Decimo rigore parato: Reina fa l’ipnotizzatore
La storia degli undici metri l’abbiamo cantata e l’abbiamo imparata a memoria: non è mica da questi particolari che si giudica un giocatore. Ma vogliamo analizzarla dal punto di vista del portiere? E’ il momento della verità, modernissima forma di duello che, dalla regia, andrebbe sempre raccontato e montato come un western: campo e controcampo e via il dettaglio, sugli occhi, sui piedi, sulle mani. Martedì sera Pepe Reina ha incrociato lo sguardo di Jens Toornstra e gli ha detto: «Ragazzo, da qui non passi». Un tuffo sulla sinistra, il boato del San Paolo: per la decima volta nella sua carriera, il duello in campo l’ha vinto lui, non l’avversario che gli stava a undici metri e qualche passo di distanza.
Riscatto. Quel tuffo ha un doppio significato. Sul piano tecnico, Reina ha congelato il risultato in un momento chiave della partita: il Feyenoord non aveva fatto nulla per meritare una chance simile, eppure aveva trovato un arbitro generoso che si era dimenticato della svista clamorosa nel primo tempo a parti invertite, e a quel punto avrebbe potuto persino riaprirla la sfida del San Paolo. Sul piano semantico, c’è tutto il detto e non detto dopo Ferrara. Anche lì, in un momento chiave della partita, Reina si era fatto beffare da Viviani su punizione, quando il Napoli era appena andato in vantaggio con Callejon dando la sensazione di avere tutto sotto controllo a quel punto della partita. «Non ha fatto il paraculo e ha preso un gol da uomo», lo aveva difeso Sarri alla vigilia della Champions, alludendo al fatto che Pepe non si era limitato a badare al suo palo e basta, rimettendosi alla barriera. Questione di punti di vista, l’errore a Ferrara resta, il riscatto contro gli olandesi è di quelli prepotenti.

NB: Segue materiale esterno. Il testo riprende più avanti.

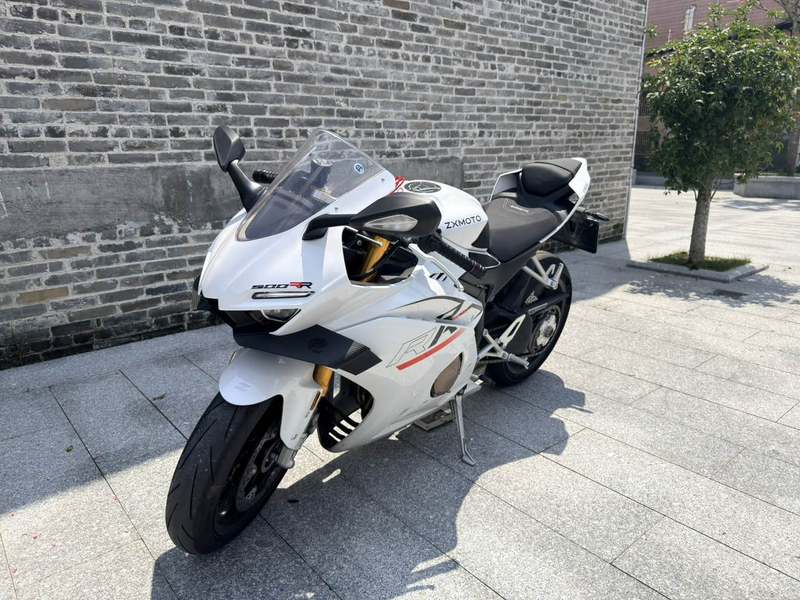 二手张雪机车500RR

I precedenti. Toornstra non è propriamente uno specialista: è al secondo errore dal dischetto su tre tentativi. E in fondo uno specialista nel senso pieno del termine non lo è neanche lo spagnolo. Però Reina vanta nel suo album dei ricordi altre nove vittime, alcune illustrissime, da Balotelli a Samuel Eto’o. Anche quando non è riuscito a respingere o bloccare lui la conclusione, ha comunque ipnotizzato l’avversario inducendolo all’errore, coprendo bene quei sette metri e rotti che sono il suo regno.

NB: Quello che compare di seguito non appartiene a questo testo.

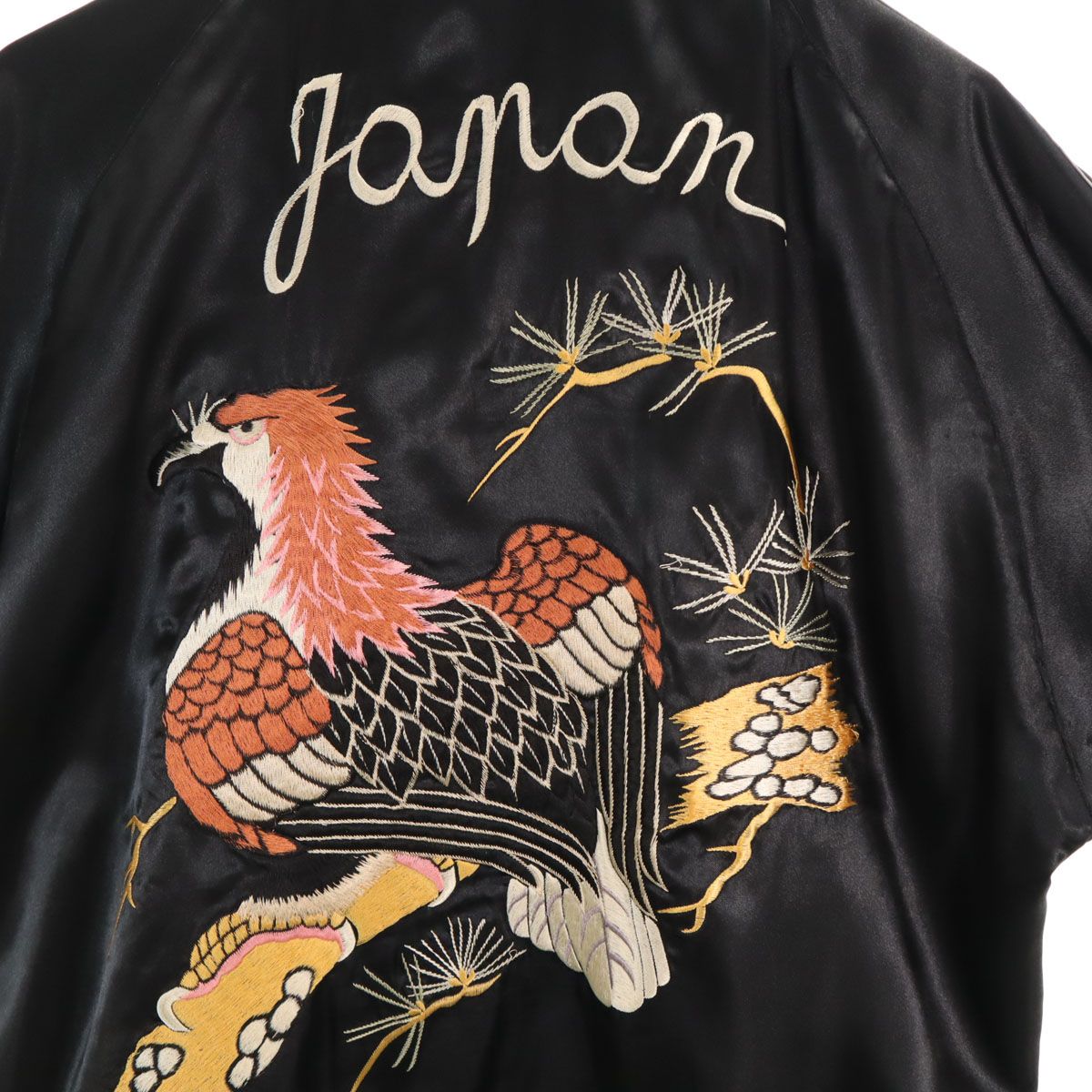 東洋エンタープライズ　スカジャン　鷲　虎　龍 TAILOR TOYO テーラー 東洋 スカジャン 2025 虎 トラ 龍 リュウ 白虎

Tutto iniziò nel 2005, quando era al Villarreal: nella vittoria esterna per 4-2 sul campo del Levante, Reina disse no a Rivera quando la sua squadra era già sul 2-0. Ci prese talmente gusto da ripetersi una settimana dopo contro il Valencia: stesso momento della gara, con i suoi avanti 2-0, e intervento decisivo contro Marco Di Vaio. In Spagna ha fatto sbagliare Eto’o in un Barça-Villarreal 3-3, poi in Premier League ha castigato anche un certo Wayne Rooney in uno United-Liverpool 2-1 del 2010: la cronaca dice che poi l’attaccante dei Red Devils segnò sulla respinta, ma il gesto tecnico resta.
Stop a Balo. Con il Napoli è alla terza prodezza del genere. Aveva già detto no a Destro in un Bologna-Napoli 1-7, ma soprattutto aveva fermato Balotelli quella notte del 22 settembre di quattro anni fa, quando il Napoli a San Siro era già avanti di due reti. Una parata storica, perché mai nessuno prima di allora era riuscito a fermare Balo, andato sistematicamente sempre a segno. La lettura della finta del milanista, il tuffo leggermente in anticipo, quella volta sulla destra. Oggi come quattro anni fa, chapeau.